**AIM OF THE EXERCISE:** Beginning with the line containing "House in Bradenton, Florida" and ending with the line containing "Sapona Shores - Residential", write out each line of the records below exactly; pictures and lines outside that range are left out.
*** Opening PROVIDED MATERIAL ***
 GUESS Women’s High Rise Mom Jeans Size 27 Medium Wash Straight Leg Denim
*** Closing PROVIDED MATERIAL ***
*** Opening PROVIDED MATERIAL ***
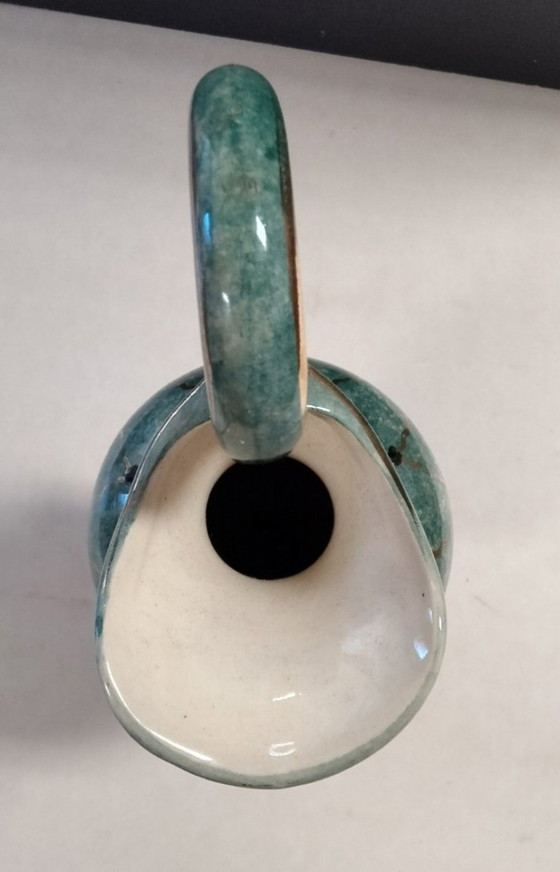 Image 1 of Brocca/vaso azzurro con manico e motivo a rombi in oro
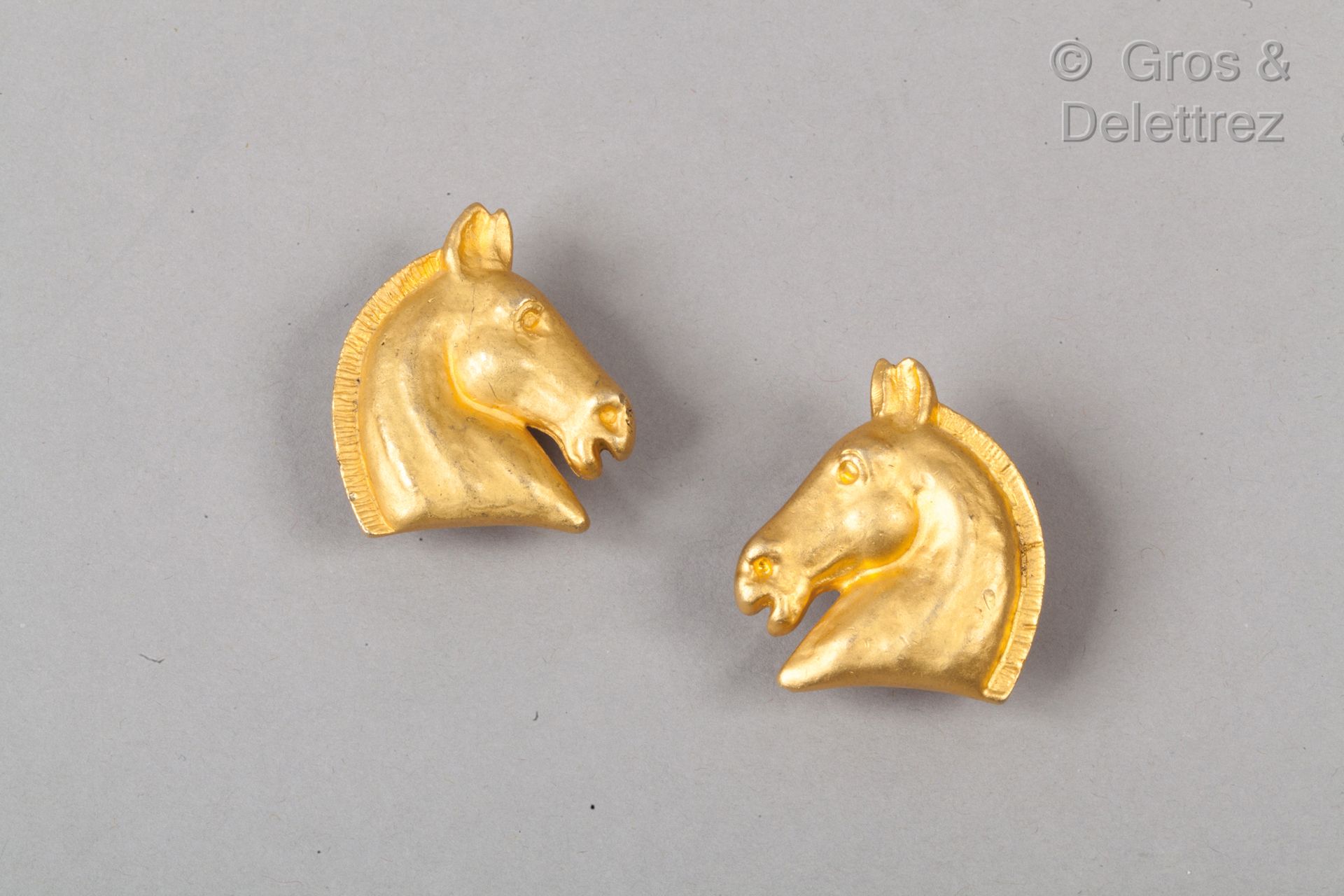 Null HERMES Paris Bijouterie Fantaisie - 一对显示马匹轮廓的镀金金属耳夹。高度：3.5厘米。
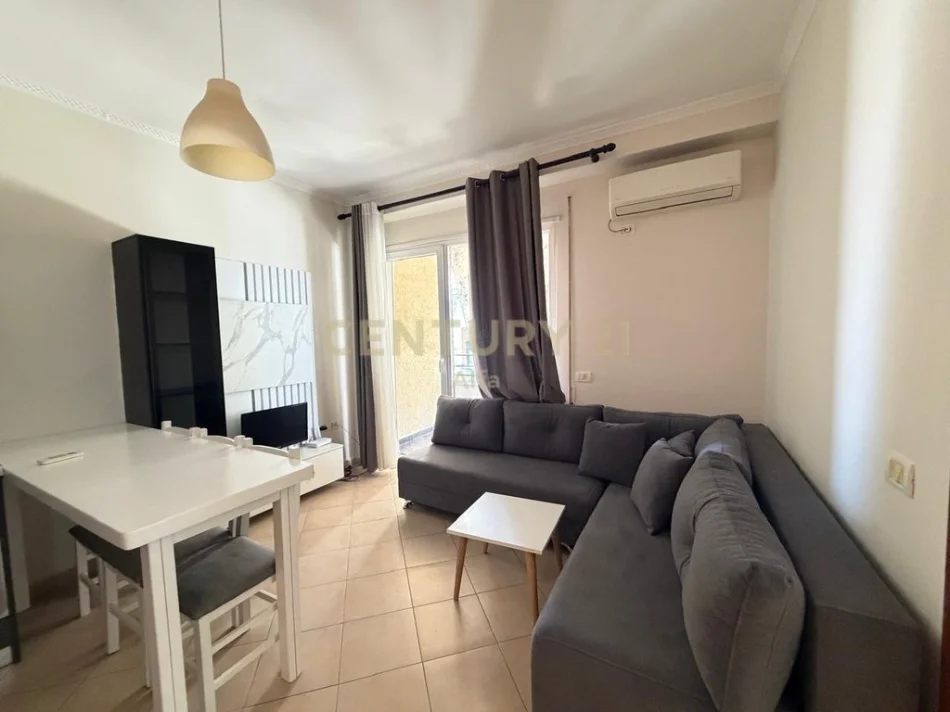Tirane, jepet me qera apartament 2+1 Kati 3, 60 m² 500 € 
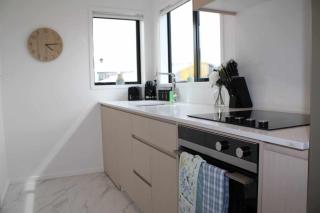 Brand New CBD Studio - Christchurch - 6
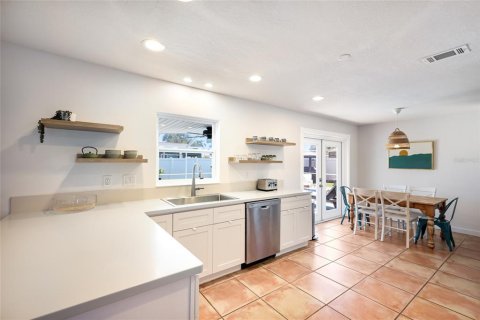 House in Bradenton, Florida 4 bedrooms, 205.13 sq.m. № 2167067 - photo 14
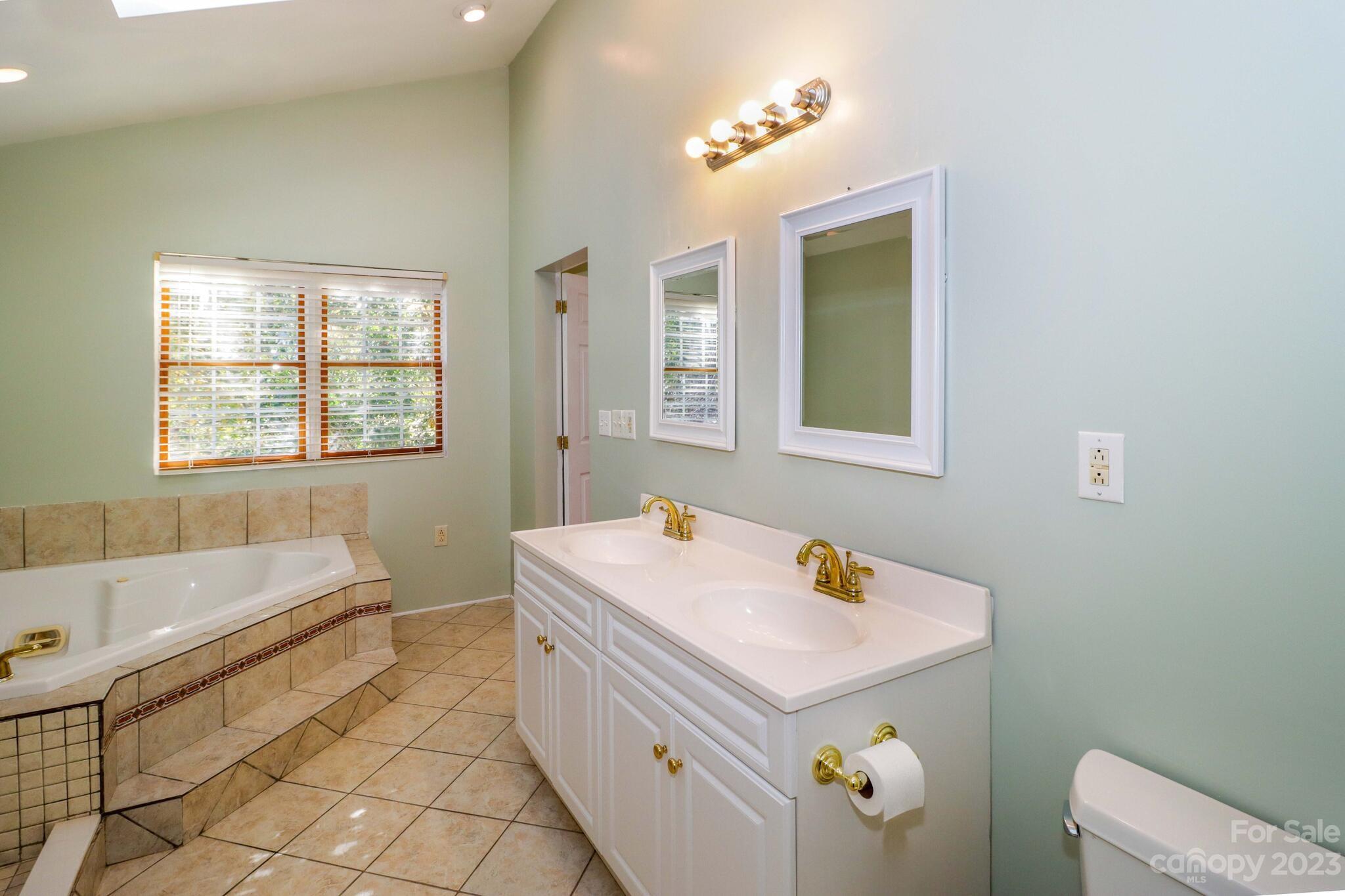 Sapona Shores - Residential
*** Closing PROVIDED MATERIAL ***
**SOLUTION:**
 House in Bradenton, Florida 4 bedrooms, 205.13 sq.m. № 2167067 - photo 14
 Sapona Shores - Residential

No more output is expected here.